Versuchen wir es mit einem westlichen Vorzeige-Öko, einen Unternehmensberater, der mit seinem Freund oder seiner Freundin in einer Luxus-Eigentumswohnung in Hamburg lebt. Die Wohnung ist mit 100 Quadratmetern doppelt so groß wie das Häuschen der vierköpfigen Familie in Burkina Faso. Natürlich ist alles auf Energieeffizienz getrimmt. Man verwendet Ökostrom und produziert - da man ja ökologisch denkt – viel weniger Abfall als die Nachbarn. In Hamburg fährt das Paar meist mit dem Rad oder dem ÖPNV oder nutzt ein paarmal in der Woche einen der Carsharing-Autos vor der Tür. Nicht mehr als 1.000 Kilometer im Jahr - ein paar Ausflüge ans Meer oder an die Seen. Natürlich sind die Carsharing-Autos höchst effizient, meist elektrisch. Nach dem Theater; Kino oder Restaurant nutzen beide gerne das Ride-Sharing-Angebot Moia. Flix und bequem wie ein Taxi, aber preiswerter – und bringt beim Test noch Bonuspunkte als Nutzer von Fahrgemeinschaften. Da das Paar zentral an der Alster wohnt ist die ÖPNV-Nutzung sehr gering. Nach Global Footprint Network-Kalkulator liegt der Erdverbrauch der beiden am Ende bei nur 1,2 Erden.

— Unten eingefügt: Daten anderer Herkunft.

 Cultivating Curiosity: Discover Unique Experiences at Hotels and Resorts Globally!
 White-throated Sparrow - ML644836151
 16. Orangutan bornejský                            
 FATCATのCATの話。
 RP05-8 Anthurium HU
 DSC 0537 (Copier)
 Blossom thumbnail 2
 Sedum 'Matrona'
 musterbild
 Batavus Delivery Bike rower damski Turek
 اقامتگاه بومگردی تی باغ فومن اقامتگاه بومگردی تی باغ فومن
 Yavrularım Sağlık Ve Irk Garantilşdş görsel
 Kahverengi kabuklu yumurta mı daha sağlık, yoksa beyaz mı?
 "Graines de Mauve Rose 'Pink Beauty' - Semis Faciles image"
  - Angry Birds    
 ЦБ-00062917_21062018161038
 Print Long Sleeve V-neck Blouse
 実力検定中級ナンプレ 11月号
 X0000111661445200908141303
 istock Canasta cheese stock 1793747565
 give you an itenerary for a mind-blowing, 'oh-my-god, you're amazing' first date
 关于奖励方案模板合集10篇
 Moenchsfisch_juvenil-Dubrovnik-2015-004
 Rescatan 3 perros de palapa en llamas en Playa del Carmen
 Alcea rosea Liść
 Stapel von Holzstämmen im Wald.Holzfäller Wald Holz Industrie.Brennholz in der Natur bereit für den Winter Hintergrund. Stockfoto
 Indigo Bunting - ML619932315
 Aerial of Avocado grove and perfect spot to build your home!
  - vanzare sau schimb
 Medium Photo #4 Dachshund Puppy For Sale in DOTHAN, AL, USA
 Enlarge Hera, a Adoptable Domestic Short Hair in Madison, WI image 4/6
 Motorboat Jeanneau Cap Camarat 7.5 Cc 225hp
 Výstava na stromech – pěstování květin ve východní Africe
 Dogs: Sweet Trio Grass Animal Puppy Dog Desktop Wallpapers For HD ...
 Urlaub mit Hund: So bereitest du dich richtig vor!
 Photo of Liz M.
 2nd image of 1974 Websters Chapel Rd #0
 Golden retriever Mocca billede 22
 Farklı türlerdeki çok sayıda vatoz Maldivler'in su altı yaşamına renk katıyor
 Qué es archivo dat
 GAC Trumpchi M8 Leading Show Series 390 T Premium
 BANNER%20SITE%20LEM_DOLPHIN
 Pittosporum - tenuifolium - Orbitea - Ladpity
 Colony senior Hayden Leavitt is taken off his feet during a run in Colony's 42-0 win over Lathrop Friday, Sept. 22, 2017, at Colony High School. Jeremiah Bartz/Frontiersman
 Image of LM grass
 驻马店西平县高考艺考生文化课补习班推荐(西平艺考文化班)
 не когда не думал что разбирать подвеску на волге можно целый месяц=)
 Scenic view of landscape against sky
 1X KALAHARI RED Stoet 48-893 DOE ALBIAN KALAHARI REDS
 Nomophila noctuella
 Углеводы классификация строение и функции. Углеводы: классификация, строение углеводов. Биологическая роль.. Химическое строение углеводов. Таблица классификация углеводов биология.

Ein Drittel meines Verbrauchs und 40 Prozent weniger als die Familie aus Burkina Faso. Glückwunsch! Da können die beiden beruhigt einmal im Monat zu ihrem Häuschen am Gardasee fliegen . erst dann erreichen sie endlich den Erdverbrauch der Familie aus Burkina Faso.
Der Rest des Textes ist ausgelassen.